US 12,450,718 B1
Quantification method for microscopic cracks inside 3D printed concrete and system thereof
Baidian Li, Nanchang (CN); Xiangyu Wang, Nanchang (CN); Junbo Sun, Changzhou (CN); Fei Wu, Nanchang (CN); Jianqun Wang, Xiangtan (CN); Yangqing Liu, Nanchang (CN); Bo Huang, Xiangtan (CN); Weixiang Shi, Nanchang (CN); Qiaoming Guo, Nanchang (CN); and Yufei Wang, Nanchang (CN)
Assigned to Jiangxi Transportation Investment Group Co., Ltd., Nanchang (CN); East China Jiaotong University, Nanchang (CN); and Liyang Institute of Smart City, Chongqing University, Changzhou (CN)
Filed by Jiangxi Transportation Investment Group Co., Ltd., Nanchang (CN); East China Jiaotong University, Nanchang (CN); and Liyang Institute of Smart City, Chongqing University, Changzhou (CN)

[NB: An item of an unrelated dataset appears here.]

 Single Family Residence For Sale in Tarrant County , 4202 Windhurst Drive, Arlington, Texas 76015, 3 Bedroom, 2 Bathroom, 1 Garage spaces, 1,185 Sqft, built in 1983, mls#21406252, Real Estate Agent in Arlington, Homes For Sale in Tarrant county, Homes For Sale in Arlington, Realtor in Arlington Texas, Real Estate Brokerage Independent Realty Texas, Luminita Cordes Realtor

Filed on May 9, 2025, as Appl. No. 19/203,267.
Claims priority of application No. 202410906818.3 (CN), filed on Jul. 8, 2024.
Int. Cl. G06T 7/00 (2017.01); G06T 5/70 (2024.01); G06T 7/13 (2017.01); G06V 10/26 (2022.01); G06V 10/30 (2022.01); G06V 10/762 (2022.01); G06V 10/82 (2022.01)

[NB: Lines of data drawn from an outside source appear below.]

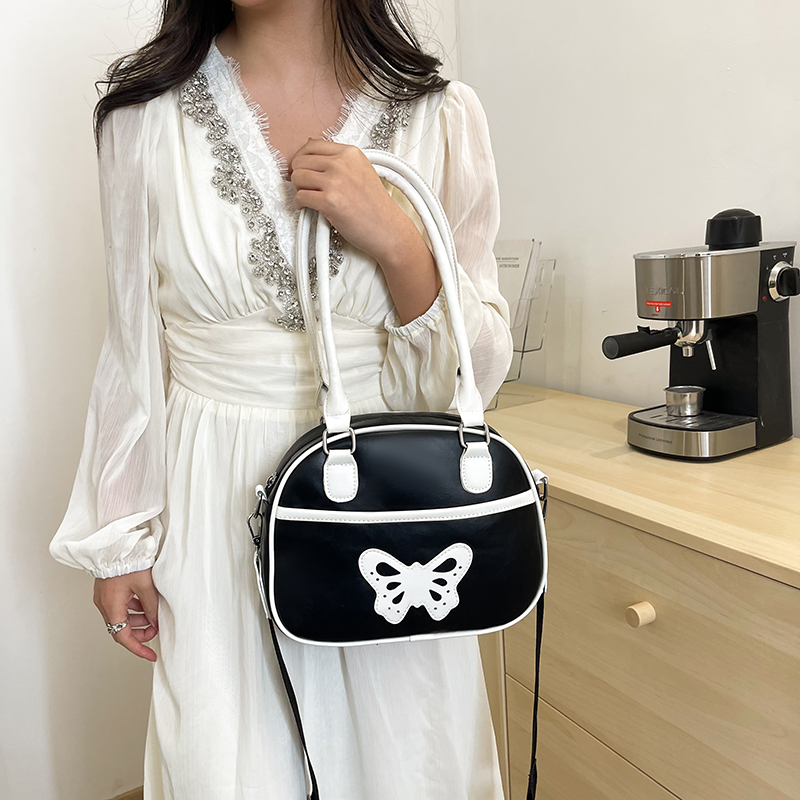 Women's Medium Pu Leather Butterfly Classic Style Sewing Thread Zipper Crossbody Bag display picture 12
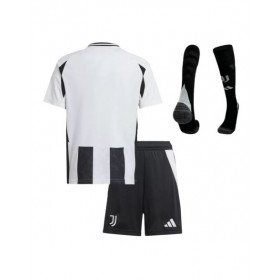 Kit de camiseta local de la Juventus 2024/25 para niños (camiseta + pantalones cortos + calcetines)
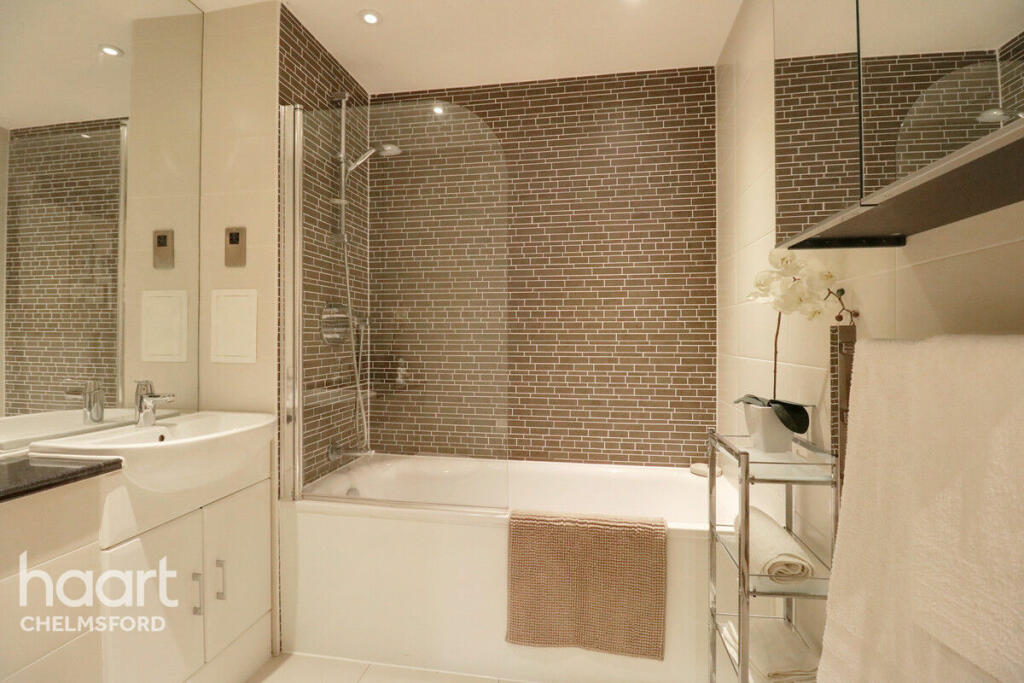 Additional property image - Burgess Springs, Chelmsford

CPC G06T 7/0004 (2013.01) [G06T 5/70 (2024.01); G06T 7/13 (2017.01); G06V 10/26 (2022.01); G06V 10/30 (2022.01); G06V 10/763 (2022.01); G06V 10/82 (2022.01); G06T 2207/20028 (2013.01); G06T 2207/20081 (2013.01); G06T 2207/20084 (2013.01); G06T 2207/30132 (2013.01)] 9 Claims
OG exemplary drawing
 
1. A quantification method for microscopic cracks inside 3D printed concrete, comprising the following steps:
1) Preparing a microscopic crack image dataset
using backscattered electron (BSE) to obtain defect image data of printing areas of 3D printed concrete, forming the microscopic crack image dataset, wherein the microscopic crack image dataset comprises 3D printed concrete microscopic crack images, non 3D printed concrete microscopic crack images, and concrete images without microscopic cracks;
2) Treating of improved attention-guided denoising neural network (LADNet)

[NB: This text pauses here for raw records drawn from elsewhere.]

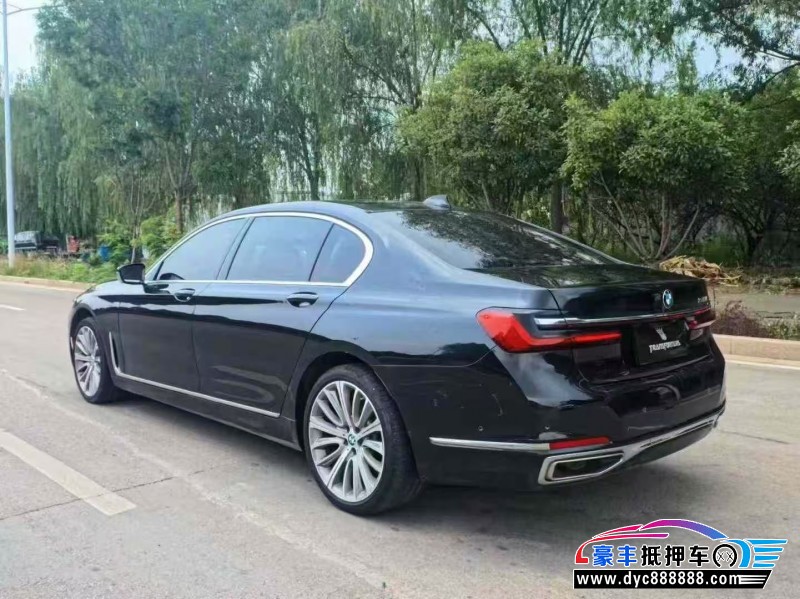 21年宝马7系轿车抵押车出售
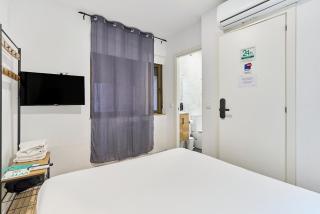 Hostal Carmen by gaiarooms - 1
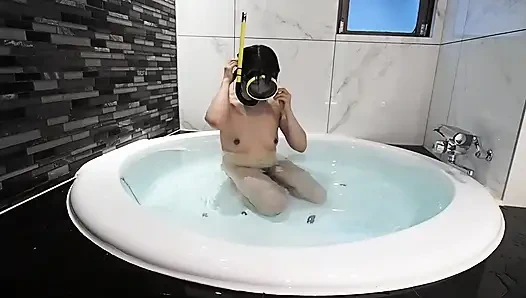 Японская подводная мастурбация 2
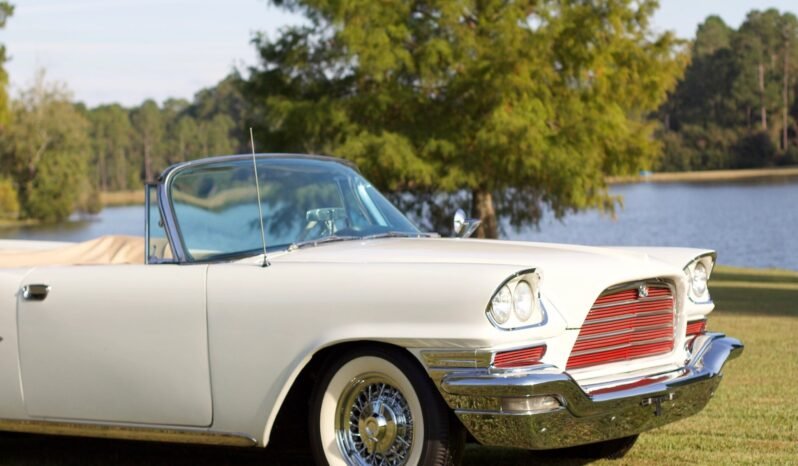 
								1959 Chrysler 300E V8 full									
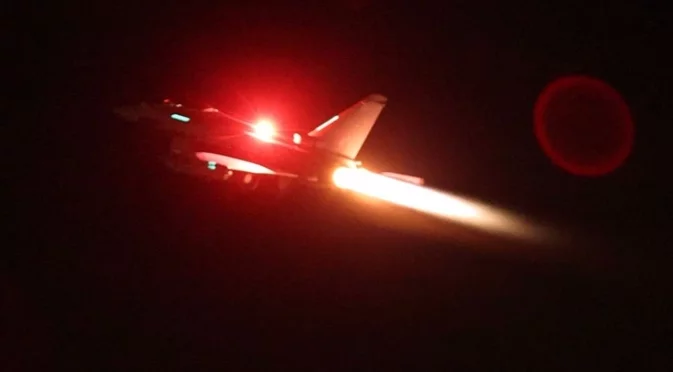 Израел унищожи последния пътнически самолет на Йемен, хутите заплашиха с нови удари летище "Бен Гурион" (ВИДЕО)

constructing an improved attention-guided denoising neural network (IADNet), wherein the improved attention-guided denoising neural network (IADNet) comprises a sparse block (SB), a feature enhancement block (FEB), an attention block (AB), and a reconstruction block (RB);
the sparse block (SB) comprises five convolutional layers and four dilated convolutional layers, each layer comprising a Leaky ReLU function stacked with convolution or dilated convolution, connected in a order of one convolutional layer, one dilated convolutional layer, two convolutional layers, two dilated convolutional layers, two convolutional layers, and one dilated convolutional layer;
the feature enhancement block (FEB) comprises a convolutional layer, a convolution operation, a compression concatenation operation, a convolution operation, and a hyperbolic tangent activation function connected in sequence; an output result of the sparse block (SB) is used as an input of the feature enhancement block (FEB);
the attention block (AB) comprises 1×1 convolution operation and vector dot product operation; an input of the 1×1 convolution operation is connected to an output processed by the hyperbolic tangent activation function of the feature enhancement block (FEB), and features obtained by the 1×1 convolution operation are used as weight vectors to perform vector dot product operation with an output of a first convolution operation in the feature enhancement block (FEB); an output of the vector dot product operation is connected to the reconstruction block (RB) to obtain an output denoised image;
training the improved attention-guided denoising neural network (IADNet) using the microscopic crack image dataset to obtain a trained improved attention-guided denoising neural network (IADNet), then applying the trained improved attention-guided denoising neural network (IADNet) to denoise the images to construct a crack segmentation dataset;
3) Constructing MCR-Former network for quantitative measurement of microscopic crack images
training the MCR-Former network using the crack segmentation dataset to obtain a trained MCR-Former neural network;
performing denoising treatment using the trained improved attention-guided denoising neural network (IADNet), then inputting vector data into the trained MCR-Former neural network to obtain a microscopic crack segmentation result, and then further calculating a microscopic crack width based on the microscopic crack segmentation result.